== WORK TO COMPLETE ==
Begin at the line below that has "Robin Hood statue.". Stop after the line that has "Un tânăr român", repeating each line exactly and leaving out the pictures.
(EXTRACTED RECORDS)
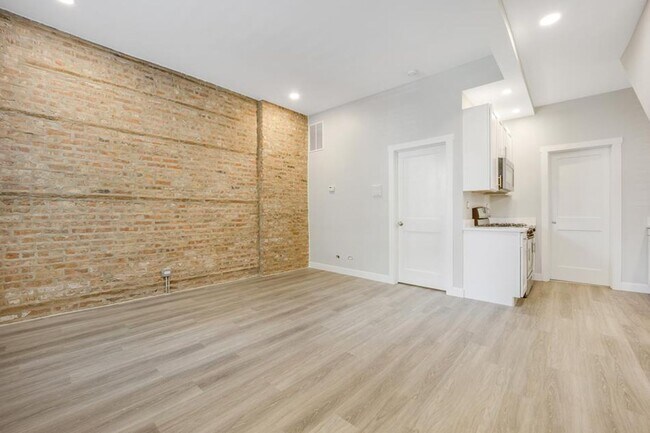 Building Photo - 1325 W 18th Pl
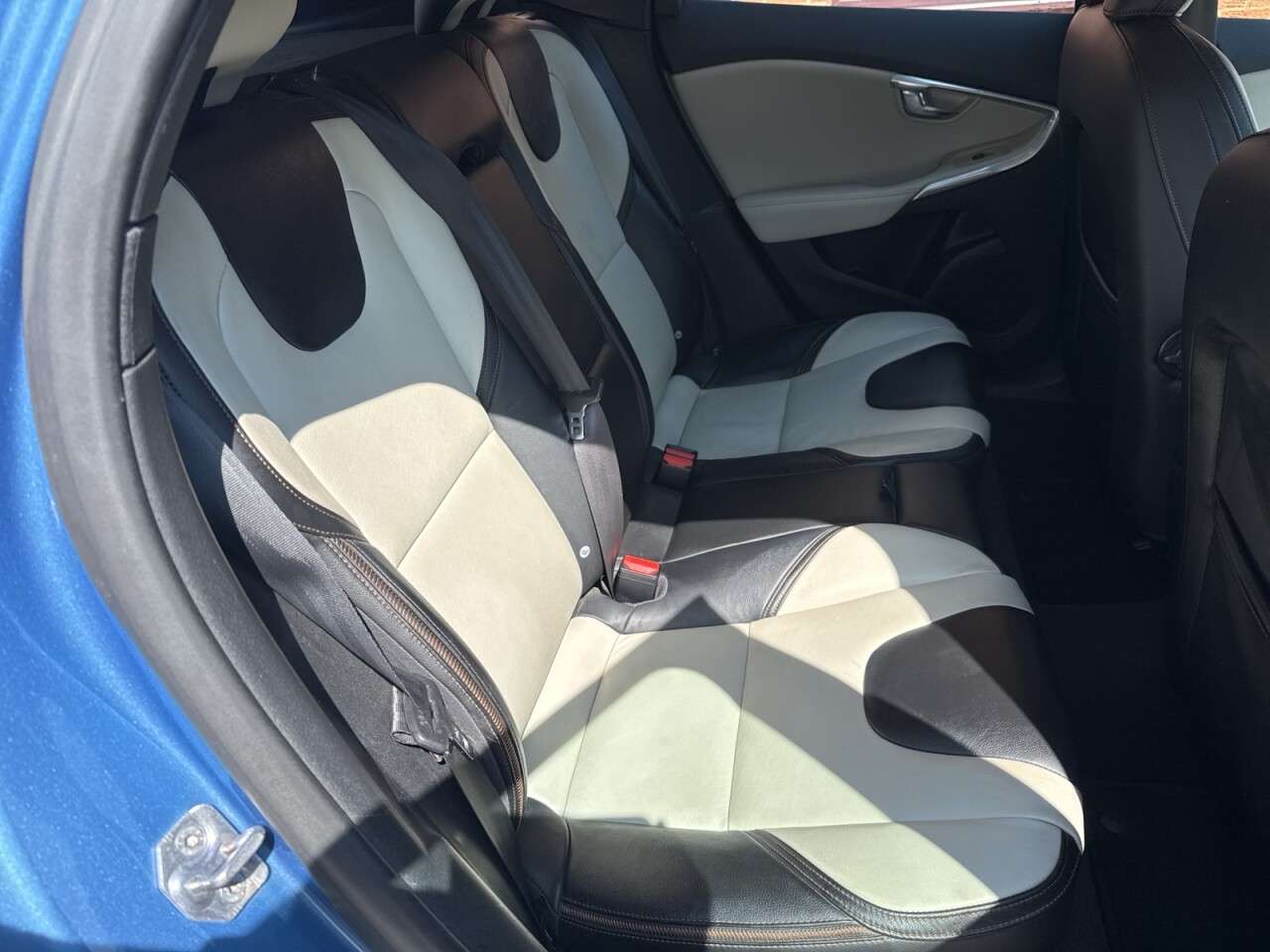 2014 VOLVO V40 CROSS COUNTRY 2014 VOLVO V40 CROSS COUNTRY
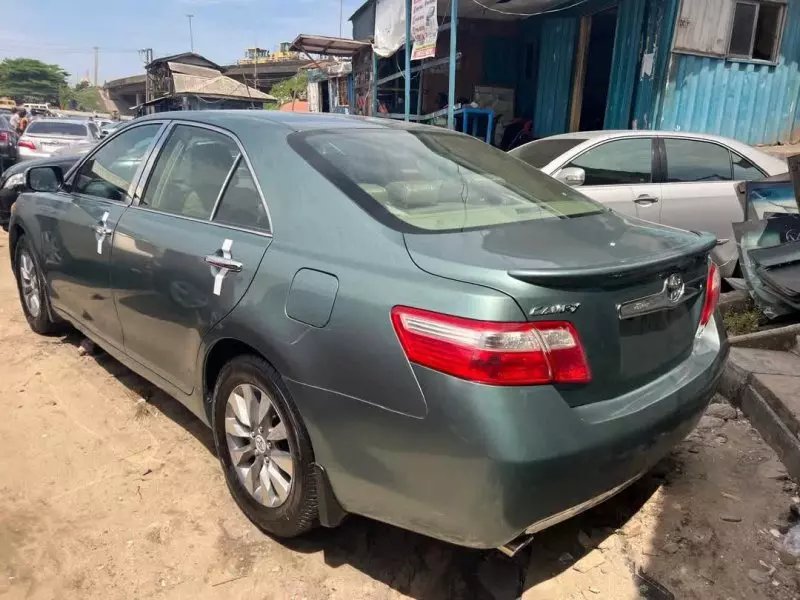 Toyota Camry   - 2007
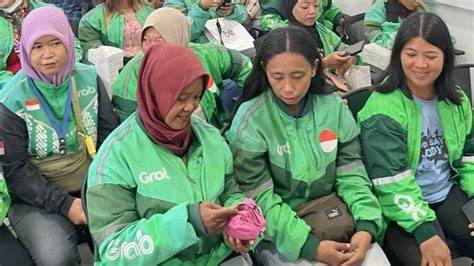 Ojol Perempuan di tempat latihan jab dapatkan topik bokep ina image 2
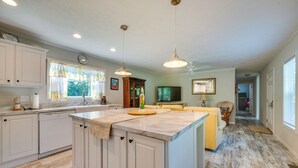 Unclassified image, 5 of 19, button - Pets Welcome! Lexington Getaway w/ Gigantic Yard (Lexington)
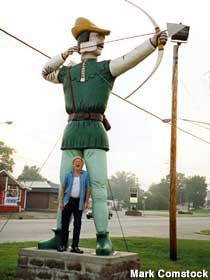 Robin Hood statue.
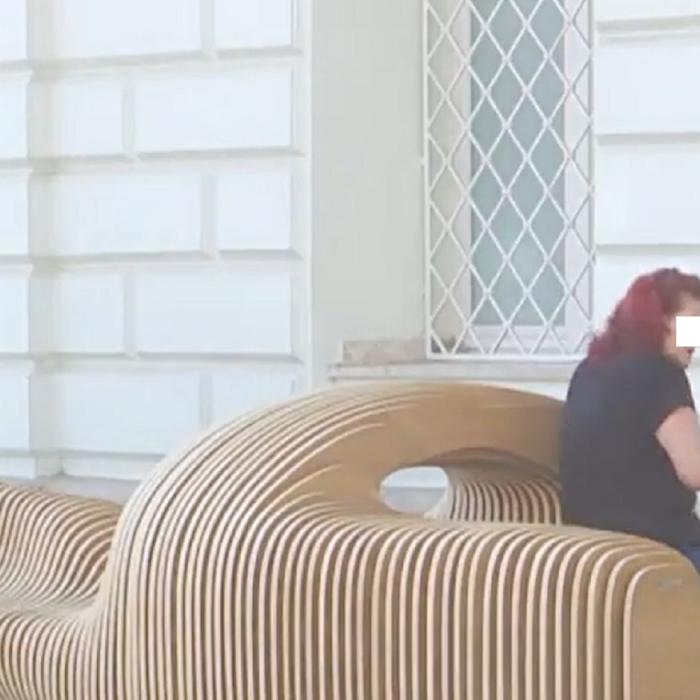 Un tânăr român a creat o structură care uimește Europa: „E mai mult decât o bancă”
(End EXTRACTED RECORDS)
(EXTRACTED RECORDS)
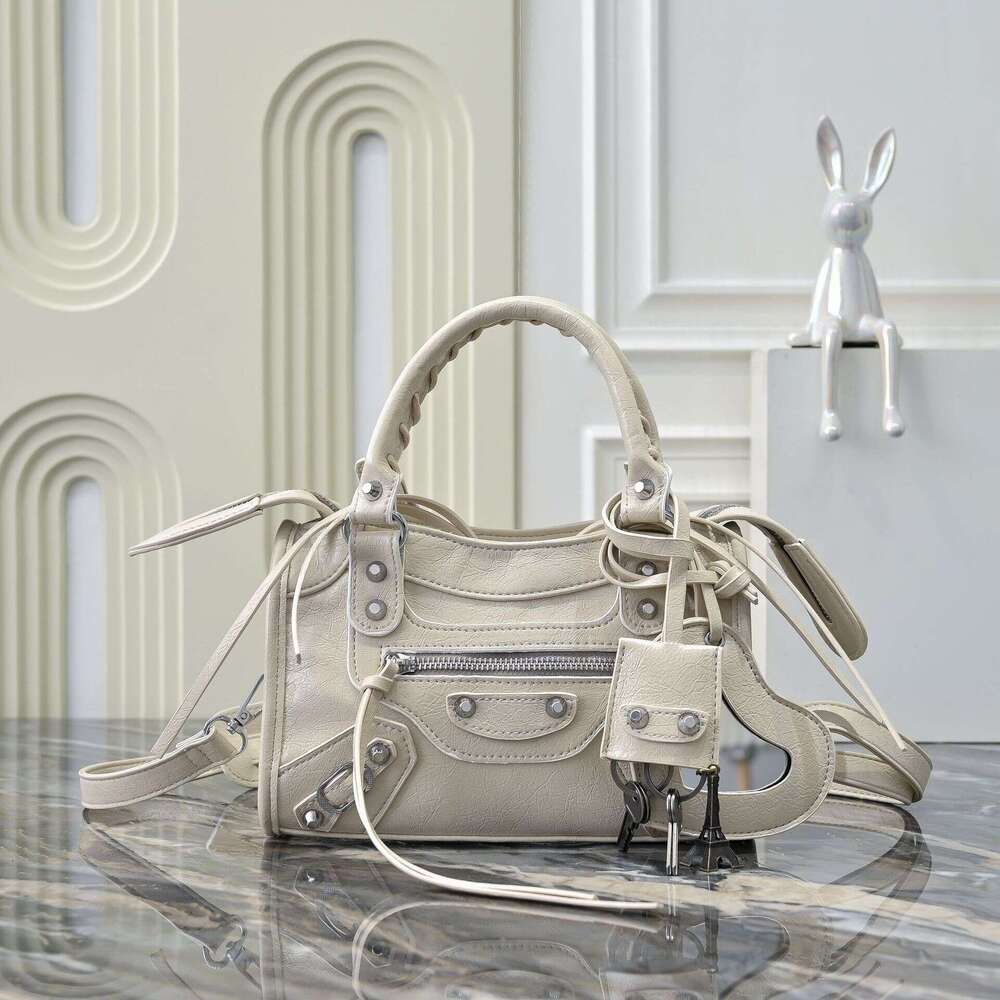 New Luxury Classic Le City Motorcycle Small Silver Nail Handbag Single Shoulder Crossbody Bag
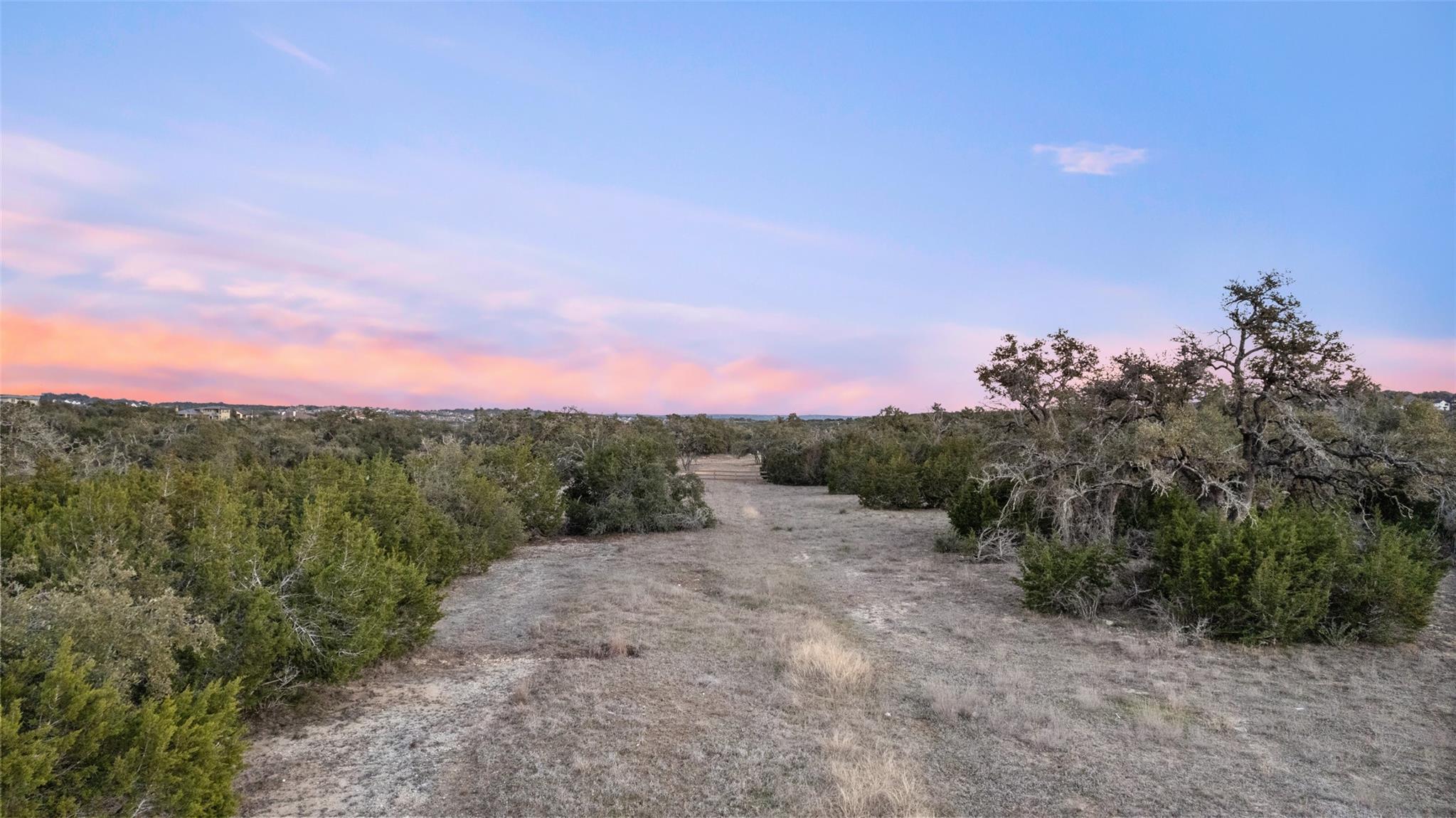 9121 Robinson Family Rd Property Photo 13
(End EXTRACTED RECORDS)
== EXERCISE RESPONSE ==
 Robin Hood statue.
 Un tânăr român a creat o structură care uimește Europa: „E mai mult decât o bancă”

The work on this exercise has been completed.